Au XVIIe siècle, les progrès de l’orographie s’affirment dans les cartes de guerre topographiques. Le relief est ici dessiné en silhouette, défini d’après une convention de perspective cavalière, comme sur le plan des fortifications de Roquecourbe, où apparaît en partie haute une impressionnante butte longitudinale dans le méandre de l’Agout (1 FI 227 / 2).

 

Elles ont cependant le défaut de ne montrer qu’un côté du mouvement du sol, et de masquer les plans éloignés par les premiers plans. L’évolution qui conduit les ingénieurs militaires à lever des plans de places fortes, amène à représenter le terrain selon sa projection horizontale. Cette technique ne peut cependant être utilisée que pour des régions au faible relief, et un compromis entre projection cavalière et horizontale est alors nécessaire pour les paysages plus accentués, par exemple pour la carte du gouvernement de Castres (1 FI 65 / 5 ).

 

La carte de Cassini (1 FI 352 / 1 à 10, dont document 12 et document 32 de l'exposition virtuelle) renonce à cette perspective cavalière et rapproche la définition du terrain de la projection horizontale.

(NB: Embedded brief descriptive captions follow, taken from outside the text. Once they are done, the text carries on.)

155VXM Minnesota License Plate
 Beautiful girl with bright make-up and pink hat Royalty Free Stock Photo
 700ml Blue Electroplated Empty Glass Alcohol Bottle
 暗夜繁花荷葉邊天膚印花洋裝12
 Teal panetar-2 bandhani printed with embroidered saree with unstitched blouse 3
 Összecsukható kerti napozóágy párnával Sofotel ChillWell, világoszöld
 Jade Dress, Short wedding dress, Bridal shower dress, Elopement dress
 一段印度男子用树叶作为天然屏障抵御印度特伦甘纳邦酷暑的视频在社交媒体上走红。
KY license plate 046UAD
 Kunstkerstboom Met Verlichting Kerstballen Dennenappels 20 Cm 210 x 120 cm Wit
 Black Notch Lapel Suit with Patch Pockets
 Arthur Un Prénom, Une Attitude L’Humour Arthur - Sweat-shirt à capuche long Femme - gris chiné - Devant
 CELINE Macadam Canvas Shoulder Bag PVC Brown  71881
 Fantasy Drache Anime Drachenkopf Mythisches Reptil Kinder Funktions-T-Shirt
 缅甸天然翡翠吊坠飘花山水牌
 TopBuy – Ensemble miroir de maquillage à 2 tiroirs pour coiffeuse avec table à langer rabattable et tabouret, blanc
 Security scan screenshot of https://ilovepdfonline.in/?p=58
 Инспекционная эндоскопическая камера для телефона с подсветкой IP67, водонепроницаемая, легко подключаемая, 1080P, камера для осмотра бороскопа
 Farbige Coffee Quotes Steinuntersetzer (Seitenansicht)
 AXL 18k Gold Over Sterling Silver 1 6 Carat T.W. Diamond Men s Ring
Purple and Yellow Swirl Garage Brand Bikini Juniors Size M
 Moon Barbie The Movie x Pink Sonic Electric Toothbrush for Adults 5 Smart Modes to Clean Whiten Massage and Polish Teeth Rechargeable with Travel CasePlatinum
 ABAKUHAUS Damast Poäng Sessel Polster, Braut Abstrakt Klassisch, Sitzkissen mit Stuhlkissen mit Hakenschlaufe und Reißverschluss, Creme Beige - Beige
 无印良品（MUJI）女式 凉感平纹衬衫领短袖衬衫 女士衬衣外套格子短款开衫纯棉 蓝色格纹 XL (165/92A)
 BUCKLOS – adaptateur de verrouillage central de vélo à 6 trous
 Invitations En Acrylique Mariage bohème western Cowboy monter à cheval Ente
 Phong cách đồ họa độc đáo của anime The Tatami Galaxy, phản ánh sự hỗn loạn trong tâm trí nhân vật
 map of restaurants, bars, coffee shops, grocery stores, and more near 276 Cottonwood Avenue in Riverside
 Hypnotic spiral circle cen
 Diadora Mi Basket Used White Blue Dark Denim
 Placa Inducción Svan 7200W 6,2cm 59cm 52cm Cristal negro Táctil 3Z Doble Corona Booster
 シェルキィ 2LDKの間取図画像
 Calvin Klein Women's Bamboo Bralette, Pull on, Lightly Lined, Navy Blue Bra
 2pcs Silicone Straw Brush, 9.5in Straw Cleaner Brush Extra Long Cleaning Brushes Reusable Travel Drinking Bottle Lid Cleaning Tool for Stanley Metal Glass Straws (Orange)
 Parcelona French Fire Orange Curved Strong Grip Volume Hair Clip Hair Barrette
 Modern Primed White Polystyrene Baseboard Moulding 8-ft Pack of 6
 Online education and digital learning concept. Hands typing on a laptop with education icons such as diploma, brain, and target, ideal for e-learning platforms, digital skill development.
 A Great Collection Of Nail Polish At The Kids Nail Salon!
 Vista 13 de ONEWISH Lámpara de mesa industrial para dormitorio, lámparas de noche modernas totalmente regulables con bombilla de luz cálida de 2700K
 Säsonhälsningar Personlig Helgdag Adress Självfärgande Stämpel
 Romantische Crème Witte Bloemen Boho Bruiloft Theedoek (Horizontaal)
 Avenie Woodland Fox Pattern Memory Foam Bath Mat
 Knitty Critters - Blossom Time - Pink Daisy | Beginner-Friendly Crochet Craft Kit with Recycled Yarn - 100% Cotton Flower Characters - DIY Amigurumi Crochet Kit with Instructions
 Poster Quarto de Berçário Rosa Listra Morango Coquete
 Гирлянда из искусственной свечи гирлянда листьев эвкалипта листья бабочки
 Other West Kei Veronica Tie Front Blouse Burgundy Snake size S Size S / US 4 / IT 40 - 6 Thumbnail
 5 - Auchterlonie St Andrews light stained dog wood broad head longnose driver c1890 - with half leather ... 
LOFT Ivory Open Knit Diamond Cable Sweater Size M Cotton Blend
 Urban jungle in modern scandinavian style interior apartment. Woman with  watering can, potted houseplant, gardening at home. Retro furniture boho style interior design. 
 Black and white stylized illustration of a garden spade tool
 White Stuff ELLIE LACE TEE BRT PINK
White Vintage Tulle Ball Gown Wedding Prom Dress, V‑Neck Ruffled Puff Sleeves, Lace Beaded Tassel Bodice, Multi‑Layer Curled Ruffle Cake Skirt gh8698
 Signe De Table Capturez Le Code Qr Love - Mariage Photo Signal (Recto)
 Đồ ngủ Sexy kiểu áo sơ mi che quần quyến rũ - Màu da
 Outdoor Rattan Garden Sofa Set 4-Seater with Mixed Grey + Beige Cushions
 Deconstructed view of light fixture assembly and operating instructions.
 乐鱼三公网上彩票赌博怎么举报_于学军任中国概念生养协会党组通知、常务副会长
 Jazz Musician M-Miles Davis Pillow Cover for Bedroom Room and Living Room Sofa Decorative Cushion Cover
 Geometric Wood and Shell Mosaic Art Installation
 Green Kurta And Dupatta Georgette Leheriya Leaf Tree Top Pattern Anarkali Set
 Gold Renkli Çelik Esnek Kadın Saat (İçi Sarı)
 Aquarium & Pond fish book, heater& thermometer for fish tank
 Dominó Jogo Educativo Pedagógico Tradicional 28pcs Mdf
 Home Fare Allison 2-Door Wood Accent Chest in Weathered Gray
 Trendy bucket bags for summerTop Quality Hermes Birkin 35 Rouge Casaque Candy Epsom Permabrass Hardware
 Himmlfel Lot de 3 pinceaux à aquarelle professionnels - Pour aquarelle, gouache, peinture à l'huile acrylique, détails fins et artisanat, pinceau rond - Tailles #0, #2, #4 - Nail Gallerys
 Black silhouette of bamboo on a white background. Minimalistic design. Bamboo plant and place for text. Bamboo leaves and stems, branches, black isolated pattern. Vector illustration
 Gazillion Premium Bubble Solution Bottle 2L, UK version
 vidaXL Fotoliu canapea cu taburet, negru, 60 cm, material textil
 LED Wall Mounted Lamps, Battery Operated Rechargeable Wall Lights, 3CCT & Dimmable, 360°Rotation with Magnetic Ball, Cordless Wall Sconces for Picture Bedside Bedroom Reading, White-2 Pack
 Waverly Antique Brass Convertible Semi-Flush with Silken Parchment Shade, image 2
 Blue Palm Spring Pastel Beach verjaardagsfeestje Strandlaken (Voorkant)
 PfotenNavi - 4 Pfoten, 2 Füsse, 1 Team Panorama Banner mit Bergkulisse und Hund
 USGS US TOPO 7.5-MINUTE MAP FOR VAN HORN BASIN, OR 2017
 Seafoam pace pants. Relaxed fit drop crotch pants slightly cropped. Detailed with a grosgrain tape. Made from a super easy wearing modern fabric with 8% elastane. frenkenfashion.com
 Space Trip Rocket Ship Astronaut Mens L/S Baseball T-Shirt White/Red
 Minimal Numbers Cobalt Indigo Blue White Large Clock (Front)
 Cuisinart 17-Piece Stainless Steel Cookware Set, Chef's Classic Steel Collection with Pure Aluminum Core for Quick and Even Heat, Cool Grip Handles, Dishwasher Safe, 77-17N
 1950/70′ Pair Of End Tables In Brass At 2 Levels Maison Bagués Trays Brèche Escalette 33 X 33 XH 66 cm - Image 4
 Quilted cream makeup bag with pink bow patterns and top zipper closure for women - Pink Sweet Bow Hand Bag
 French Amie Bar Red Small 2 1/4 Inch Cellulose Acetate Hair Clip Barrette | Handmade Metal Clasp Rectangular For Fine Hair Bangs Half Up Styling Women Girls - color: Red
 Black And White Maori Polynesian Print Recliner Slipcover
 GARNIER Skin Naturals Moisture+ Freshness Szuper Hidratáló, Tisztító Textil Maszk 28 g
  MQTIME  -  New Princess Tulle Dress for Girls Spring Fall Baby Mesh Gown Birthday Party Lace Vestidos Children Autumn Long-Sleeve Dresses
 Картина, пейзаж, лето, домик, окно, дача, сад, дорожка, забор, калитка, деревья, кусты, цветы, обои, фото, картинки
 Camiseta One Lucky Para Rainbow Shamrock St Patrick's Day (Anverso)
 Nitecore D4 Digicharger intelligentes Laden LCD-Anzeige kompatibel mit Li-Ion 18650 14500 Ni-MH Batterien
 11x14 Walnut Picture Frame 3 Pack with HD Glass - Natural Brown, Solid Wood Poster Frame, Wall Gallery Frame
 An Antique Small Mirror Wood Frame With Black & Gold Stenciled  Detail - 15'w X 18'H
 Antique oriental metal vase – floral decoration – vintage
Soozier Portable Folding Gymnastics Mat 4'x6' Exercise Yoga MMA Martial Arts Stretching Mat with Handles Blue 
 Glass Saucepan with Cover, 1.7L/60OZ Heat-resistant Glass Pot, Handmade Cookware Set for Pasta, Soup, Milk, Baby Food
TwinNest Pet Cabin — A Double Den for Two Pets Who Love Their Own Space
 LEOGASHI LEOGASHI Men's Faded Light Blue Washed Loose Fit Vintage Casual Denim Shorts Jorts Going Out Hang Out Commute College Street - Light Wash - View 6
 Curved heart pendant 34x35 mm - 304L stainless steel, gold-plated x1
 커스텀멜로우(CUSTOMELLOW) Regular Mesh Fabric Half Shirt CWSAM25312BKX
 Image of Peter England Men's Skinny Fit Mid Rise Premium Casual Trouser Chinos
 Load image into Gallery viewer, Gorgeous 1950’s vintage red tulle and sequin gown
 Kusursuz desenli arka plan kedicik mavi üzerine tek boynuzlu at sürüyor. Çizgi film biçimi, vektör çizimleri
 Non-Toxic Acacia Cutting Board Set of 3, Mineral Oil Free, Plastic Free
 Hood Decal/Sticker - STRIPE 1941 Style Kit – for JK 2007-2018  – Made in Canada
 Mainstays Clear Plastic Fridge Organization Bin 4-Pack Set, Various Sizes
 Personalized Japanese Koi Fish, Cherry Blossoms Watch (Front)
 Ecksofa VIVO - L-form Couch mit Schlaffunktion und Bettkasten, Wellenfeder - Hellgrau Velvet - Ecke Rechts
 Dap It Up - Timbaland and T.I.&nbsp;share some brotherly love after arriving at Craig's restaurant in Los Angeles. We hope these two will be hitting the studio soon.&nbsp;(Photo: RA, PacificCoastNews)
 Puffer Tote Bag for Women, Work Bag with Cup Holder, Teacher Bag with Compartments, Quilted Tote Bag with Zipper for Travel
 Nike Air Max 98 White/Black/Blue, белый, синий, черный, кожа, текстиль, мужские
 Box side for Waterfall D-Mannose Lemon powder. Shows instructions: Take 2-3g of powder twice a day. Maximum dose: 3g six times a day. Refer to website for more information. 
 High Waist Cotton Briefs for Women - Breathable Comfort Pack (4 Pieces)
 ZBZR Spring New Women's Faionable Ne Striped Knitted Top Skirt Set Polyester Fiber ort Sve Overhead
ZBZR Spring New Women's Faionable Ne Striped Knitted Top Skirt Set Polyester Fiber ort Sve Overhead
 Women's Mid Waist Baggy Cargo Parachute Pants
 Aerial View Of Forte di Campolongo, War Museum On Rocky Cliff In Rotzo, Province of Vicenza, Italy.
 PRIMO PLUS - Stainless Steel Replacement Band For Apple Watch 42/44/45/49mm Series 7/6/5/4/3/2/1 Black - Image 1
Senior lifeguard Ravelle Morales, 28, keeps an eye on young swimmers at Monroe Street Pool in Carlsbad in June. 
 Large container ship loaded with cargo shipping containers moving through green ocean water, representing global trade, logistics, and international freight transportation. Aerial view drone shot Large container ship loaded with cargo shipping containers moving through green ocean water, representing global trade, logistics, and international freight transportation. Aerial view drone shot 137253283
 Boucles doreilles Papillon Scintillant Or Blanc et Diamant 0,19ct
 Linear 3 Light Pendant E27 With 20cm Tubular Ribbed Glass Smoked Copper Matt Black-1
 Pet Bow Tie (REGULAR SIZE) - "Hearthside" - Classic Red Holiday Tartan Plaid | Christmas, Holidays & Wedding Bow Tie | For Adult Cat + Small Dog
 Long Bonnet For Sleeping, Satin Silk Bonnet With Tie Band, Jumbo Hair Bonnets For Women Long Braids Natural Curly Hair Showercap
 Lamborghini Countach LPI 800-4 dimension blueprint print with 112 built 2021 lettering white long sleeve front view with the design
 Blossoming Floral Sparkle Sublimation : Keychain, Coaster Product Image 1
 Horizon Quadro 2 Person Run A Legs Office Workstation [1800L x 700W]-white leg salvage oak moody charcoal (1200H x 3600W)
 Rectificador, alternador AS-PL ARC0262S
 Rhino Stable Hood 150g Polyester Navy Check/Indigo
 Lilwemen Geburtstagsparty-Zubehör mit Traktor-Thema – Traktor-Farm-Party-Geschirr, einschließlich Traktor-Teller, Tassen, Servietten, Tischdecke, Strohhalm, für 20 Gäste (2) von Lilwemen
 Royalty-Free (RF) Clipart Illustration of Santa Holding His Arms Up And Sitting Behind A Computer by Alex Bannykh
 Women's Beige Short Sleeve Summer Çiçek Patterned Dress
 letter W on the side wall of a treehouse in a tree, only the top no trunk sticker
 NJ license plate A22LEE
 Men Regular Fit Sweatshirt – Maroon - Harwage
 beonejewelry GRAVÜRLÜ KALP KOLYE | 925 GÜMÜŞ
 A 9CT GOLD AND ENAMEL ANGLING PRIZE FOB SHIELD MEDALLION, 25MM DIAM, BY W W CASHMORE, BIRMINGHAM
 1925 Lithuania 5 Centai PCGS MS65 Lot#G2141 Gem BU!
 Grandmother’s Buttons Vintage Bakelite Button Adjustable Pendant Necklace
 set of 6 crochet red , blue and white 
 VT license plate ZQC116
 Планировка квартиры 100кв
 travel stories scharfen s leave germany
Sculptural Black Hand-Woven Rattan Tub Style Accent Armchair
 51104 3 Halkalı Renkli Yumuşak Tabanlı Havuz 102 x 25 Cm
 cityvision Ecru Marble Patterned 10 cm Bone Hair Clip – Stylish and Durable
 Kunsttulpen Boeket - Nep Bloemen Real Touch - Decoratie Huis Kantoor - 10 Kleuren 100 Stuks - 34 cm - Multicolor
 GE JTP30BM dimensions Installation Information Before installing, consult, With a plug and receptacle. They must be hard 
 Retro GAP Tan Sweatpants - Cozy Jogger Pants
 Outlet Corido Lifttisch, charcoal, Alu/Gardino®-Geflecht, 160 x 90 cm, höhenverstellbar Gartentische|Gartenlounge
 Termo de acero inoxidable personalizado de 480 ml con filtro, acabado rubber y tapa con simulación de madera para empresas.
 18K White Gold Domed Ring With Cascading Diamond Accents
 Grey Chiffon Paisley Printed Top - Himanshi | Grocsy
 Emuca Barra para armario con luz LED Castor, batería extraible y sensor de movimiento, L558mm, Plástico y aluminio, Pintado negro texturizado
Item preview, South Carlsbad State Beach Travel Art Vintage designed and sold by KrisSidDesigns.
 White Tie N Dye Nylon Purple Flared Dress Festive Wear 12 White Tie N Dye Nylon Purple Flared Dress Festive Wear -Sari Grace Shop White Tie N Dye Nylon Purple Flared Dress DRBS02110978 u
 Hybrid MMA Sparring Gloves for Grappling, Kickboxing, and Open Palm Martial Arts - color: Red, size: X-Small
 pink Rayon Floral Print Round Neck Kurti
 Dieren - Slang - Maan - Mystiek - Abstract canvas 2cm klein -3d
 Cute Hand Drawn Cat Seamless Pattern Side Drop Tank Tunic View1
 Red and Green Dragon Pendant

Les mouvements se modèlent à l’aide de hachures d’autant plus épaisses que la pente est forte. Il est évident que dans la plupart des cas les ingénieurs et graveurs renoncèrent à décrire convenablement le relief. Cassini en avait à ce titre fait lui-même l’aveu en ne prétendant pas faire de la topographie : « … pour la topographie qui offre la description détaillée et scrupuleuse de la confirmation du terrain et du contour exact des vallées, des montagnes, des coteaux… c’est une partie de la géographie tellement étendue, si minutieuse, si longue et si coûteuse dans l’exécution qu’elle ne peut être entreprise dans une carte générale ». Les courbes de niveau, précises et justes, ne furent utilisées pendant très longtemps que pour l’étude des fonds marins afin de garantir la sécurité aux navires longeant les côtes. C’est en 1782, que Carla, dans expression des nivellements transpose ce système aux cartes terrestres. Le manque de méthode des levés ne permet cependant pas l’exploitation d’un tel procédé et il faudra attendre encore quelques décennies pour qu’il aboutisse.